FitNesse and Data Conversion

I blogged quite some time ago about some data conversion testing I was doing. The customer has a freaky proto-database made up of hundereds of separate MS Excel worksheets and frequently running into the old Excel maximum row count limit. We're doing the sensible thing and getting it into a relational DB (in this case MSSQL 2005). Dont ask me how they managed up until now.

I'm way overdue for an update on this, so here we go:

I ended up working mostly with FitNesse and SQL stored procedures.

I absolutely love FitNesse. For those of you who dont know it, FitNesse is based on Fit - a tool for writing and executing 'story tests' that both describe the desired behaviour of the system (requirements) and validate that the behaviour is achieved. FitNesse is a wiki based platform for writing and running these Fit tests. You can read more about it here.

I had (the .NET 2.0 variant of) Fitnesse executing stored procedures retrieving data for given set of parameters, and checking that the result sets matched. The tests can involve many assertions, and they can be organised into Suites covering logical areas and suites of suites - covering pretty much the whole system.

Given that there is absolutely masses of data (and conversion rules) I wanted to automate as much of these tests as possible, this meant I could keep working through the spec (chasing the dev) but every time I ran a test, I'd re-run ALL the old ones. Thing would break way back quite regularly. Once we got to feature complete, we just satrting doing bugfixes, and turning red tests into green ones.

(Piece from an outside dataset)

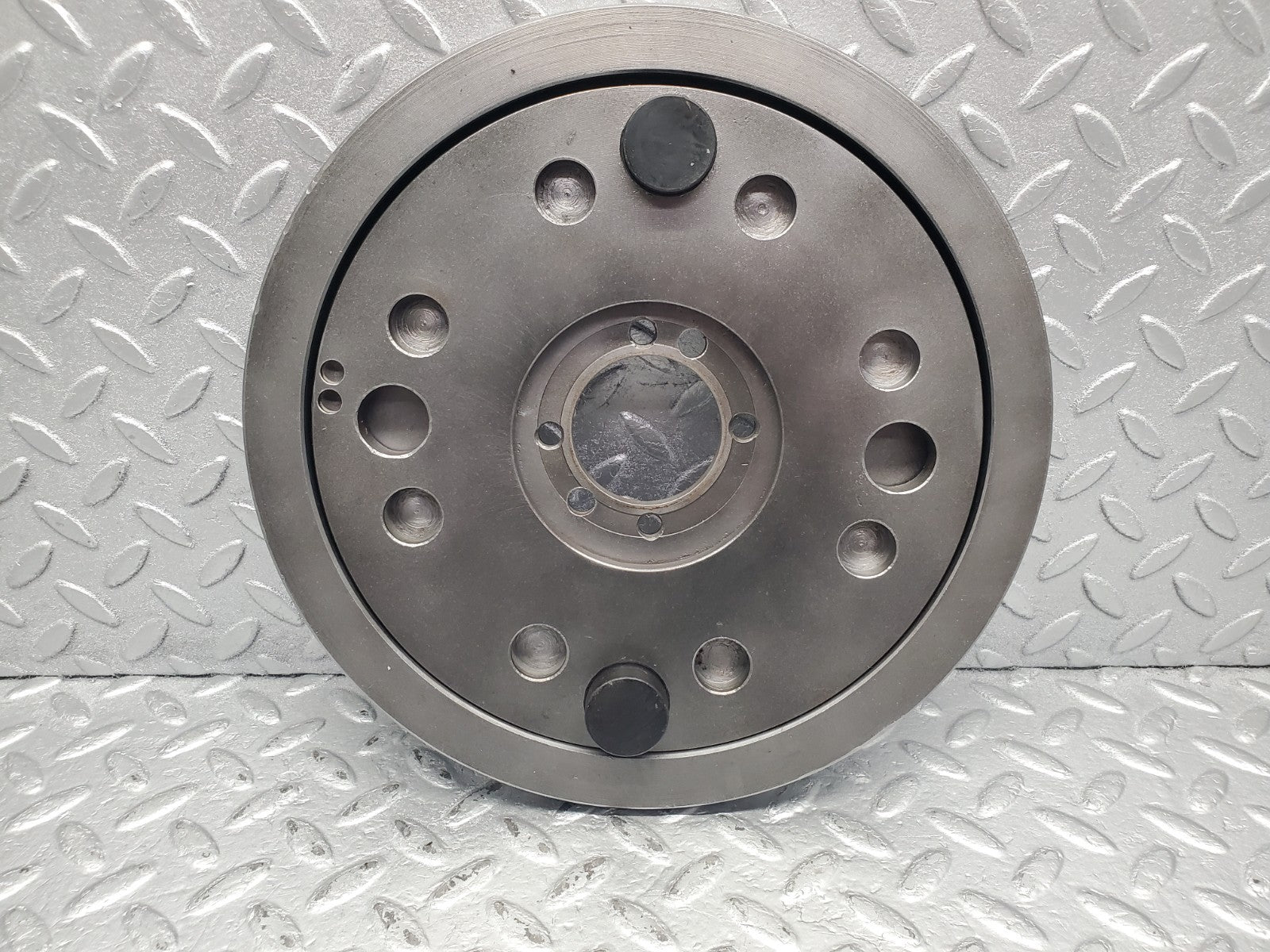 W112 crankshaft vibration damper used OEM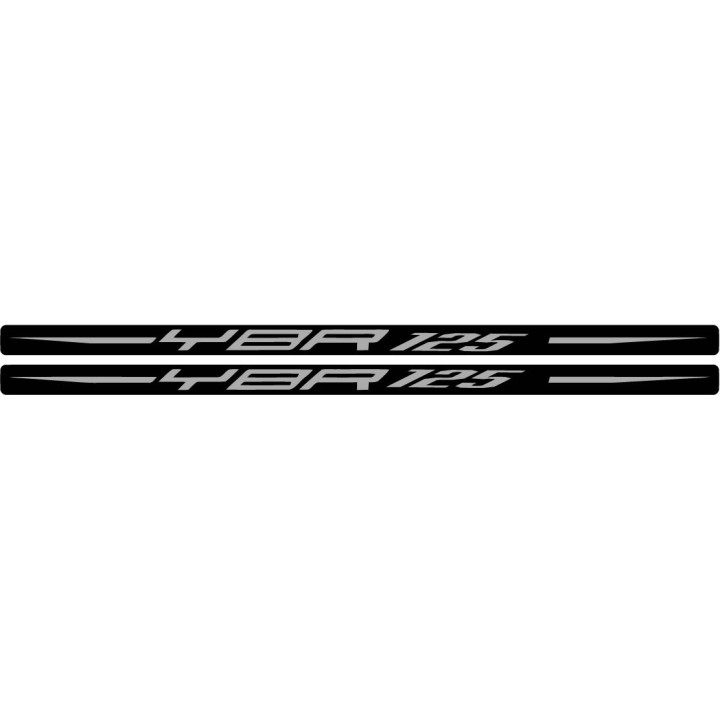 Yamaha Ybr 125 Stripe Stickers Decals - DecalsHouse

At this point (near the end I'm hoping) I have 2300 odd tests running with every migration pass. Of course I could have had some big arsed SQL scripts going and doing the same thing, but for me the beauty of the FitNesse tool is the following two points:

Reporting - The outcome of the test runs is very obvious ( green / red colour coded to the test and assertion that has failed)

Maintainability - The tests themselves (including the expected results) are easily editable.

Oh ... and as they're "self documenting" pretty much circumvent writing test cases in Word.

Im sold on it.

Now I'm looking at getting some browser automation going with FitNesse. I'm looking at WatiN ( an I.E. automation framework like the Ruby WATIR framework, but for .NET ). More on this later.